WHAT THIS TASK INVOLVES
Copy every line below. Do not alter any of them.

Saved entries
▬▬▬▬▬▬▬▬▬▬

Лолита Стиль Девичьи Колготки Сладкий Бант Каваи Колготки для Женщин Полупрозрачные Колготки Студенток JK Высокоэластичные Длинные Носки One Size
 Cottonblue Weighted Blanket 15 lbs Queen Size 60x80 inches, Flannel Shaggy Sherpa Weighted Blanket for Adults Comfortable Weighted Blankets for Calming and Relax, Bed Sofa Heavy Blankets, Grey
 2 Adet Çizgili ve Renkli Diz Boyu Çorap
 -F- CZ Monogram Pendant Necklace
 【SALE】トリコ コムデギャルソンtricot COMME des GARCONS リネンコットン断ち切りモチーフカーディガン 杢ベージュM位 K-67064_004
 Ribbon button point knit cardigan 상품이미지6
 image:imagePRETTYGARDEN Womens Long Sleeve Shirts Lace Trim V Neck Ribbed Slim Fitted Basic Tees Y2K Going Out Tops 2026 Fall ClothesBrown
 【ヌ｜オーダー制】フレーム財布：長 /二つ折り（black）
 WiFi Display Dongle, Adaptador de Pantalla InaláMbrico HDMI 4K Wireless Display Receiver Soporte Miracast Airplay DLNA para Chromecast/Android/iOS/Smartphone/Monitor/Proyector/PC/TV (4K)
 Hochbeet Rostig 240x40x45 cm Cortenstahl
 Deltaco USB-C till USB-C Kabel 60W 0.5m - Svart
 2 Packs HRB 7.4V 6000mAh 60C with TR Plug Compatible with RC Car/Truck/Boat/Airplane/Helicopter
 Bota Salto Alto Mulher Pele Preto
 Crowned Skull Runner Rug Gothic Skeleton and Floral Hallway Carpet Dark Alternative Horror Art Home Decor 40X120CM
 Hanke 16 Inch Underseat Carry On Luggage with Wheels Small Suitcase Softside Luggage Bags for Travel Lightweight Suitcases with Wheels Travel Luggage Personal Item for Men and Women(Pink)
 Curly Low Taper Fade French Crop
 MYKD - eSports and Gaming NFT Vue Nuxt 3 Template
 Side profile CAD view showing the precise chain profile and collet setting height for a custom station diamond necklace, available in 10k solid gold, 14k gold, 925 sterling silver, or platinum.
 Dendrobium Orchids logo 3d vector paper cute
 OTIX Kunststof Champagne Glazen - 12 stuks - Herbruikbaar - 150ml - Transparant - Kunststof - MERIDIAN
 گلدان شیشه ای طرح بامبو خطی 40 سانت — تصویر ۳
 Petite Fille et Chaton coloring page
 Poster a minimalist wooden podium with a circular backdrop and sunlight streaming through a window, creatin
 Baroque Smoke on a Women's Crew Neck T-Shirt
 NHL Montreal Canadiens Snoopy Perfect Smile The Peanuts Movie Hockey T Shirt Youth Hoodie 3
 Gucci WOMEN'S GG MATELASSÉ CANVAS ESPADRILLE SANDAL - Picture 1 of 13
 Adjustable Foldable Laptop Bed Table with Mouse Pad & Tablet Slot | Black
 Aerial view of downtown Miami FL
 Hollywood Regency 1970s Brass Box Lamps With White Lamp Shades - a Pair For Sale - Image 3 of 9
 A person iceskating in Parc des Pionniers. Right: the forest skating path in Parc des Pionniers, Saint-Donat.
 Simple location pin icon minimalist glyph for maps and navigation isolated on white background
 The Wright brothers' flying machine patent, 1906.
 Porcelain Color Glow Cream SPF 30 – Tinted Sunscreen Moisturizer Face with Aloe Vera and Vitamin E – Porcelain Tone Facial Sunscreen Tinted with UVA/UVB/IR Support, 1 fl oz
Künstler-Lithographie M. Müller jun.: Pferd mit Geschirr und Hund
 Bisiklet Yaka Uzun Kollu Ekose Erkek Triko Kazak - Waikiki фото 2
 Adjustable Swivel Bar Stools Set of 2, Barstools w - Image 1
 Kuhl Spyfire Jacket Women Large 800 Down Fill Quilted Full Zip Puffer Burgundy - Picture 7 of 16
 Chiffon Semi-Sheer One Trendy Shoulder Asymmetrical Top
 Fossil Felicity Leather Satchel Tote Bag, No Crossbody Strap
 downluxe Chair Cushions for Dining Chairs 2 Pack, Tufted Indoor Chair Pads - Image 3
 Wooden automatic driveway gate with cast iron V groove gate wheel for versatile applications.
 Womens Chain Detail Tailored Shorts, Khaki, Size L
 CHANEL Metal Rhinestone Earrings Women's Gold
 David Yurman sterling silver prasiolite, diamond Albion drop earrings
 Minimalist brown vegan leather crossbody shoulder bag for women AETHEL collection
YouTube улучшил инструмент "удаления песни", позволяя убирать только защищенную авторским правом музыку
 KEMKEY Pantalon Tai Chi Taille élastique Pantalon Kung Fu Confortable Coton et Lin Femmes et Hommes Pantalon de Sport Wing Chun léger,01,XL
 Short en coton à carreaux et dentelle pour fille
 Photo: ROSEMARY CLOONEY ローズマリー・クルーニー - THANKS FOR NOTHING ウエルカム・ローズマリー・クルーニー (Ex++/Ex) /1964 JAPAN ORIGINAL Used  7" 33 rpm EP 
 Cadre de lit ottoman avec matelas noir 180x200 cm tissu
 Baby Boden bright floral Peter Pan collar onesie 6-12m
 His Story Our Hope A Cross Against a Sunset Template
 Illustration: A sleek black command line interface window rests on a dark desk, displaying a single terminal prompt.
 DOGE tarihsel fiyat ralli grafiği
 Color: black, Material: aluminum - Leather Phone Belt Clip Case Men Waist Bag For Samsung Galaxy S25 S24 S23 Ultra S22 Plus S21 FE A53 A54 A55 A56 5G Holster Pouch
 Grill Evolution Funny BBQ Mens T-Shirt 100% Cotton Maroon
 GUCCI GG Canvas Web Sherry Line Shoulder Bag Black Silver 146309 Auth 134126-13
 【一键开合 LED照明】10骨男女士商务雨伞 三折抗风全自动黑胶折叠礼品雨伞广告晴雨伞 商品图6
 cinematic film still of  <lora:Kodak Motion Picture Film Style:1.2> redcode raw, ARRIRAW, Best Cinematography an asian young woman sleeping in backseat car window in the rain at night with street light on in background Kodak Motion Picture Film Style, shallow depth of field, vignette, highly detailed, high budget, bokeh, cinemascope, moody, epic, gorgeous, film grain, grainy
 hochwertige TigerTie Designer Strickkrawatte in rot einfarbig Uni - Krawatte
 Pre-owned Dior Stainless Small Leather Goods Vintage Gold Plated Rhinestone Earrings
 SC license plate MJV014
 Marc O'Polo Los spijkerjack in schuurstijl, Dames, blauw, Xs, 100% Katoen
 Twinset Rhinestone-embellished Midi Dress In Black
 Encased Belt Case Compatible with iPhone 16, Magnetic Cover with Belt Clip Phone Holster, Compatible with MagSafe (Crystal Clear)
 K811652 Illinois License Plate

▬▬▬▬▬▬▬▬▬▬

RESULT
Лолита Стиль Девичьи Колготки Сладкий Бант Каваи Колготки для Женщин Полупрозрачные Колготки Студенток JK Высокоэластичные Длинные Носки One Size
 Cottonblue Weighted Blanket 15 lbs Queen Size 60x80 inches, Flannel Shaggy Sherpa Weighted Blanket for Adults Comfortable Weighted Blankets for Calming and Relax, Bed Sofa Heavy Blankets, Grey
 2 Adet Çizgili ve Renkli Diz Boyu Çorap
 -F- CZ Monogram Pendant Necklace
 【SALE】トリコ コムデギャルソンtricot COMME des GARCONS リネンコットン断ち切りモチーフカーディガン 杢ベージュM位 K-67064_004
 Ribbon button point knit cardigan 상품이미지6
 image:imagePRETTYGARDEN Womens Long Sleeve Shirts Lace Trim V Neck Ribbed Slim Fitted Basic Tees Y2K Going Out Tops 2026 Fall ClothesBrown
 【ヌ｜オーダー制】フレーム財布：長 /二つ折り（black）
 WiFi Display Dongle, Adaptador de Pantalla InaláMbrico HDMI 4K Wireless Display Receiver Soporte Miracast Airplay DLNA para Chromecast/Android/iOS/Smartphone/Monitor/Proyector/PC/TV (4K)
 Hochbeet Rostig 240x40x45 cm Cortenstahl
 Deltaco USB-C till USB-C Kabel 60W 0.5m - Svart
 2 Packs HRB 7.4V 6000mAh 60C with TR Plug Compatible with RC Car/Truck/Boat/Airplane/Helicopter
 Bota Salto Alto Mulher Pele Preto
 Crowned Skull Runner Rug Gothic Skeleton and Floral Hallway Carpet Dark Alternative Horror Art Home Decor 40X120CM
 Hanke 16 Inch Underseat Carry On Luggage with Wheels Small Suitcase Softside Luggage Bags for Travel Lightweight Suitcases with Wheels Travel Luggage Personal Item for Men and Women(Pink)
 Curly Low Taper Fade French Crop
 MYKD - eSports and Gaming NFT Vue Nuxt 3 Template
 Side profile CAD view showing the precise chain profile and collet setting height for a custom station diamond necklace, available in 10k solid gold, 14k gold, 925 sterling silver, or platinum.
 Dendrobium Orchids logo 3d vector paper cute
 OTIX Kunststof Champagne Glazen - 12 stuks - Herbruikbaar - 150ml - Transparant - Kunststof - MERIDIAN
 گلدان شیشه ای طرح بامبو خطی 40 سانت — تصویر ۳
 Petite Fille et Chaton coloring page
 Poster a minimalist wooden podium with a circular backdrop and sunlight streaming through a window, creatin
 Baroque Smoke on a Women's Crew Neck T-Shirt
 NHL Montreal Canadiens Snoopy Perfect Smile The Peanuts Movie Hockey T Shirt Youth Hoodie 3
 Gucci WOMEN'S GG MATELASSÉ CANVAS ESPADRILLE SANDAL - Picture 1 of 13
 Adjustable Foldable Laptop Bed Table with Mouse Pad & Tablet Slot | Black
 Aerial view of downtown Miami FL
 Hollywood Regency 1970s Brass Box Lamps With White Lamp Shades - a Pair For Sale - Image 3 of 9
 A person iceskating in Parc des Pionniers. Right: the forest skating path in Parc des Pionniers, Saint-Donat.
 Simple location pin icon minimalist glyph for maps and navigation isolated on white background
 The Wright brothers' flying machine patent, 1906.
 Porcelain Color Glow Cream SPF 30 – Tinted Sunscreen Moisturizer Face with Aloe Vera and Vitamin E – Porcelain Tone Facial Sunscreen Tinted with UVA/UVB/IR Support, 1 fl oz
Künstler-Lithographie M. Müller jun.: Pferd mit Geschirr und Hund
 Bisiklet Yaka Uzun Kollu Ekose Erkek Triko Kazak - Waikiki фото 2
 Adjustable Swivel Bar Stools Set of 2, Barstools w - Image 1
 Kuhl Spyfire Jacket Women Large 800 Down Fill Quilted Full Zip Puffer Burgundy - Picture 7 of 16
 Chiffon Semi-Sheer One Trendy Shoulder Asymmetrical Top
 Fossil Felicity Leather Satchel Tote Bag, No Crossbody Strap
 downluxe Chair Cushions for Dining Chairs 2 Pack, Tufted Indoor Chair Pads - Image 3
 Wooden automatic driveway gate with cast iron V groove gate wheel for versatile applications.
 Womens Chain Detail Tailored Shorts, Khaki, Size L
 CHANEL Metal Rhinestone Earrings Women's Gold
 David Yurman sterling silver prasiolite, diamond Albion drop earrings
 Minimalist brown vegan leather crossbody shoulder bag for women AETHEL collection
YouTube улучшил инструмент "удаления песни", позволяя убирать только защищенную авторским правом музыку
 KEMKEY Pantalon Tai Chi Taille élastique Pantalon Kung Fu Confortable Coton et Lin Femmes et Hommes Pantalon de Sport Wing Chun léger,01,XL
 Short en coton à carreaux et dentelle pour fille
 Photo: ROSEMARY CLOONEY ローズマリー・クルーニー - THANKS FOR NOTHING ウエルカム・ローズマリー・クルーニー (Ex++/Ex) /1964 JAPAN ORIGINAL Used  7" 33 rpm EP 
 Cadre de lit ottoman avec matelas noir 180x200 cm tissu
 Baby Boden bright floral Peter Pan collar onesie 6-12m
 His Story Our Hope A Cross Against a Sunset Template
 Illustration: A sleek black command line interface window rests on a dark desk, displaying a single terminal prompt.
 DOGE tarihsel fiyat ralli grafiği
 Color: black, Material: aluminum - Leather Phone Belt Clip Case Men Waist Bag For Samsung Galaxy S25 S24 S23 Ultra S22 Plus S21 FE A53 A54 A55 A56 5G Holster Pouch
 Grill Evolution Funny BBQ Mens T-Shirt 100% Cotton Maroon
 GUCCI GG Canvas Web Sherry Line Shoulder Bag Black Silver 146309 Auth 134126-13
 【一键开合 LED照明】10骨男女士商务雨伞 三折抗风全自动黑胶折叠礼品雨伞广告晴雨伞 商品图6
 cinematic film still of  <lora:Kodak Motion Picture Film Style:1.2> redcode raw, ARRIRAW, Best Cinematography an asian young woman sleeping in backseat car window in the rain at night with street light on in background Kodak Motion Picture Film Style, shallow depth of field, vignette, highly detailed, high budget, bokeh, cinemascope, moody, epic, gorgeous, film grain, grainy
 hochwertige TigerTie Designer Strickkrawatte in rot einfarbig Uni - Krawatte
 Pre-owned Dior Stainless Small Leather Goods Vintage Gold Plated Rhinestone Earrings
 SC license plate MJV014
 Marc O'Polo Los spijkerjack in schuurstijl, Dames, blauw, Xs, 100% Katoen
 Twinset Rhinestone-embellished Midi Dress In Black
 Encased Belt Case Compatible with iPhone 16, Magnetic Cover with Belt Clip Phone Holster, Compatible with MagSafe (Crystal Clear)
 K811652 Illinois License Plate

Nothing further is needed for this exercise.